Stiffening Effect of Concrete in Tension Area
In cracked parts of the reinforced concrete, the tensile forces in the crack are resisted by the reinforcement alone. Between two cracks, however, tension stresses are transferred to the concrete through the (displaceable) bond. Thus, the concrete contributes to the resistance of the internal tensile forces, which leads to an increased stiffness of the structural component. This effect refers to the stiffening contribution of the concrete in tension between the cracks, and is also called tension stiffening.
The increase of the structural component stiffness due to tension stiffening can be considered in two ways:
Modeling via Concrete Tensile Strength
A constant residual tensile stress, which remains after the crack formation, can be involved in the concrete stress-strain diagram. The residual tensile stress is significantly lower than the tensile strength of the concrete.
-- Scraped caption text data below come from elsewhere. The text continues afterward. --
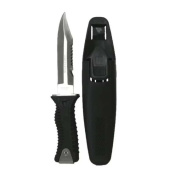 Lalizas 70198 - Diving Knife ''Discovery'', Blade: 14,3 cm (6'') 
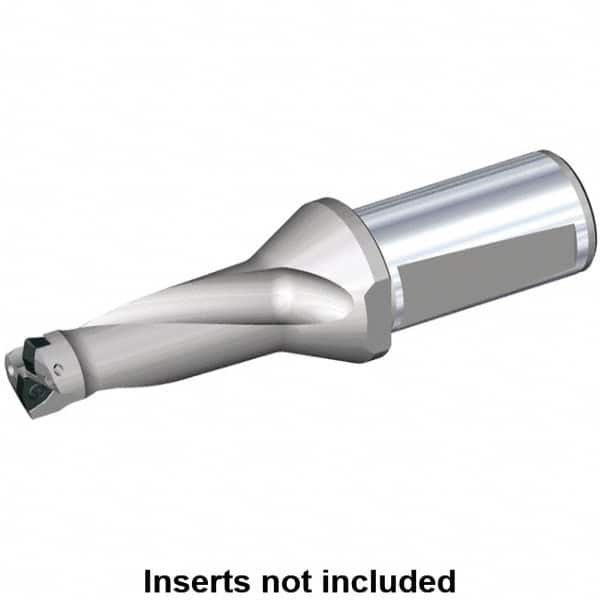 KENNAMETAL 118mm Max Drill Depth, 2.5xD, 59mm Diam, Indexable Insert Drill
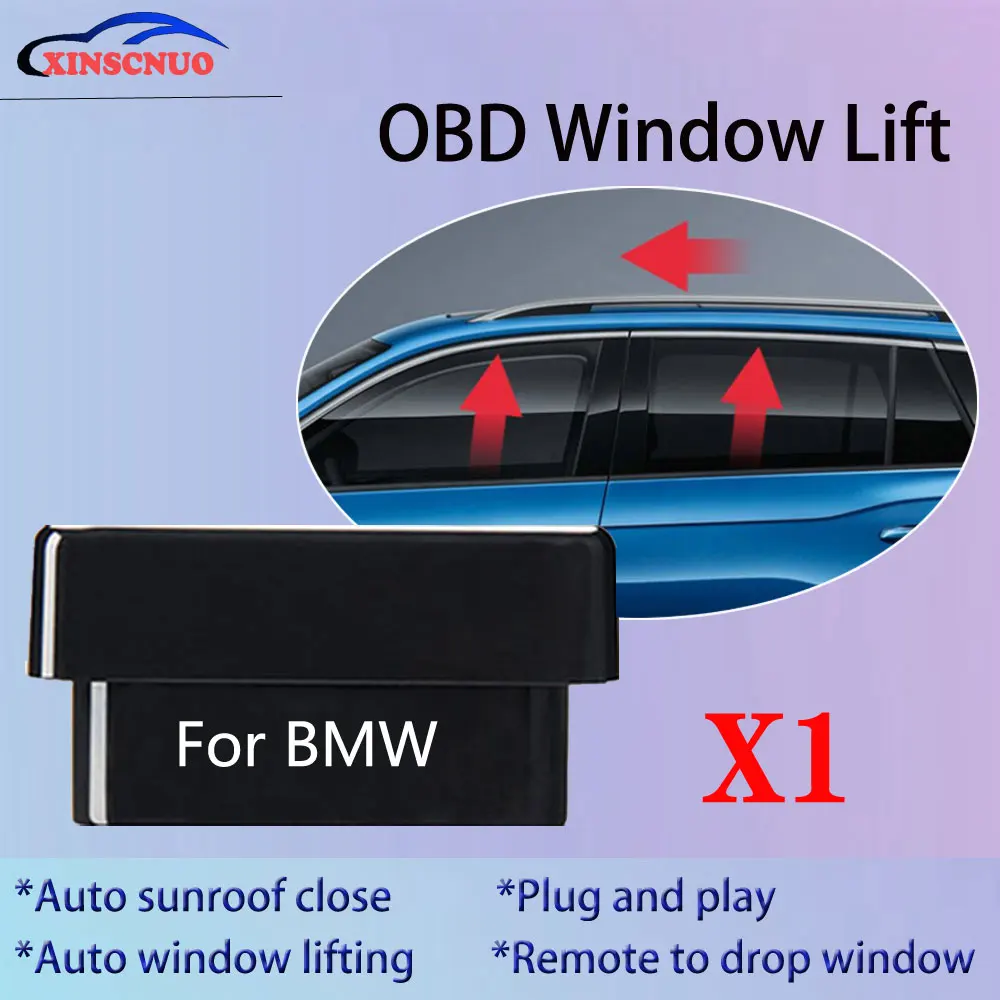 

Автомобильный подъемник OBD на окна автомобиля для BMW X1 2017 2018 2019, система открывания и закрывания автомобильных очков на двери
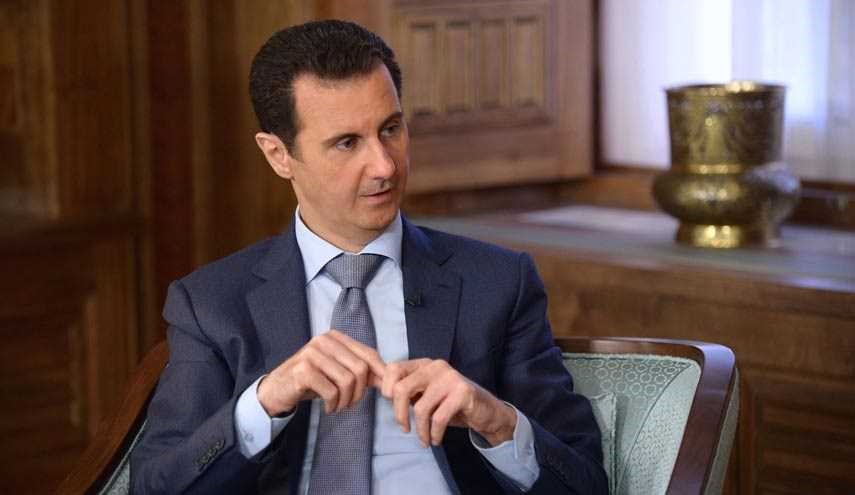 بشار اسد: غرب ضعیف‌تر شده است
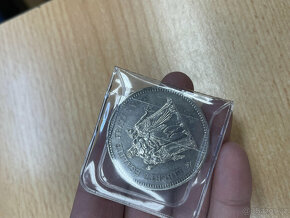 Stříbrná mince FRANCIE 50 francs 1978 - 2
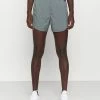 Nike Performance TEMPO LUXE - Sports Shorts - Smoke Grey/silver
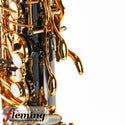 Antigua TS4248BG GH Power Bell Professional Tenor Saxophone - Black Nickel & Gold (Shop Setup)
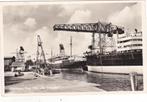 Vlissingen, Haven, 1956., Verzamelen, Ansichtkaarten | Nederland, 1940 tot 1960, Zeeland, Gelopen, Verzenden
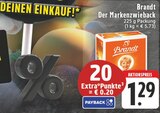 Der Markenzwieback bei E center im Velen Prospekt für 1,29 €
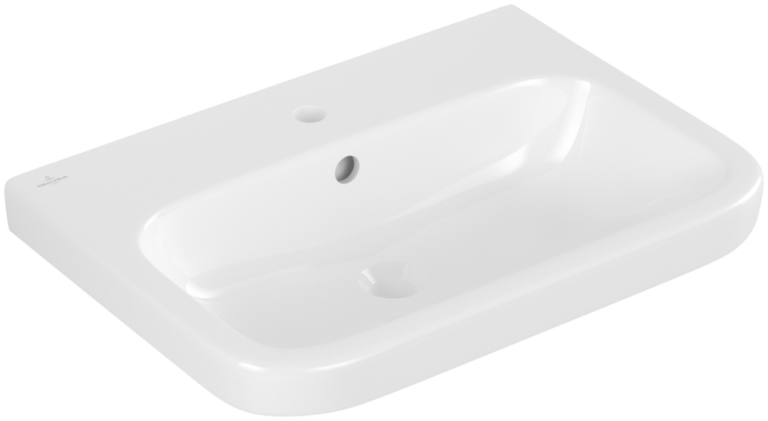 Architectura Washbasin - 1 Tap Hole With Overflow
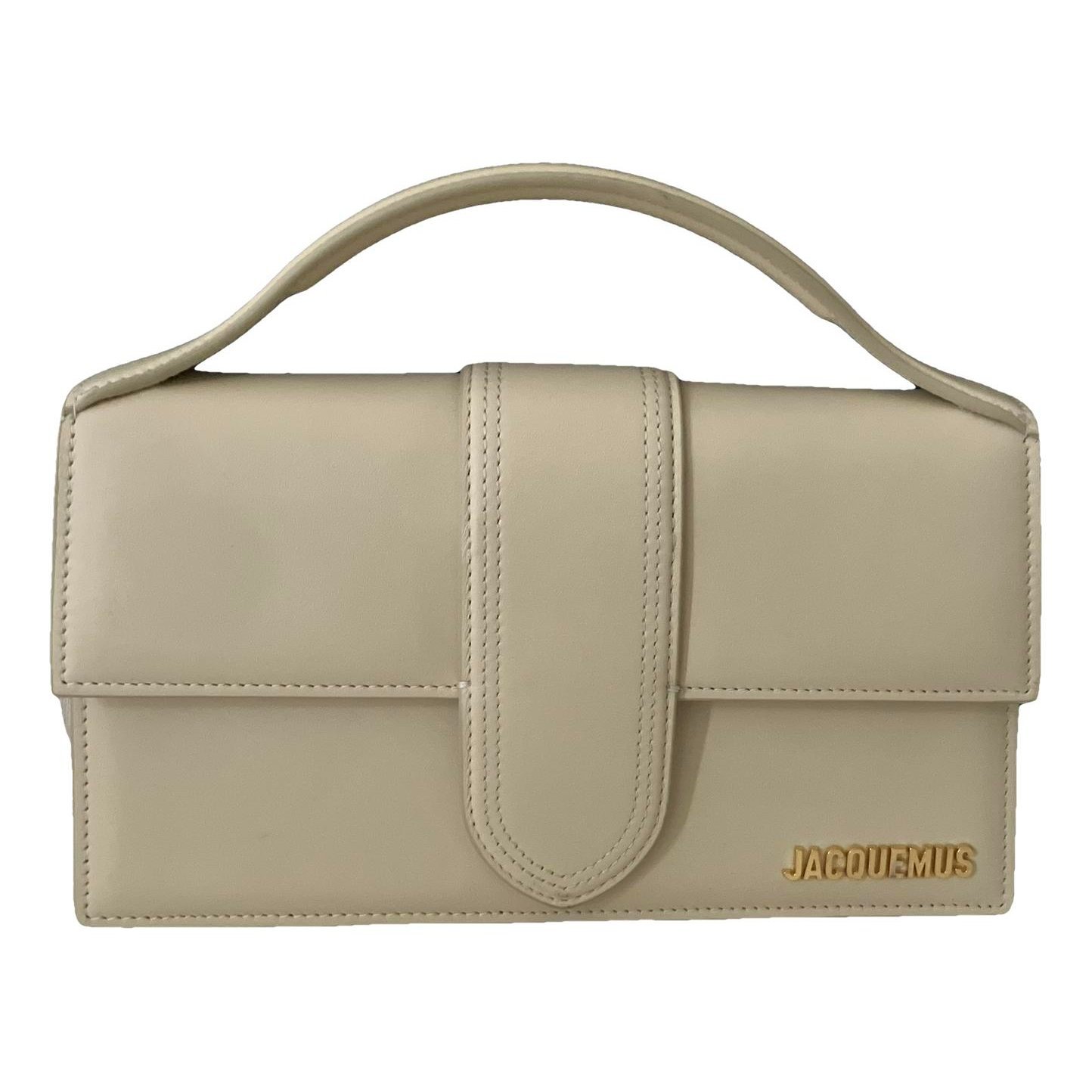 Jacquemus Le Grand Bambino leather handbag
Alternatively, it is also possible to introduce modified stress-strain relations for the tension zone that consider the contribution of the concrete in tension between the cracks in the form of a decreasing branch in the graph after the tensile strength is reached.
RFEM 6 provides the following three approaches for modeling the concrete tensile strength in order to consider tension stiffening.
- Quast
- Modified Quast
- Hsu and Mo
Modeling via Modified Characteristic Curve for Steel
Another approach is to modify the "pure" stress-strain diagram of the reinforcing steel.
In this case, a reduced steel strain εsm is applied in the relevant cross-section, with the strain resulting from εs2 and a reduction term due to the tension stiffening.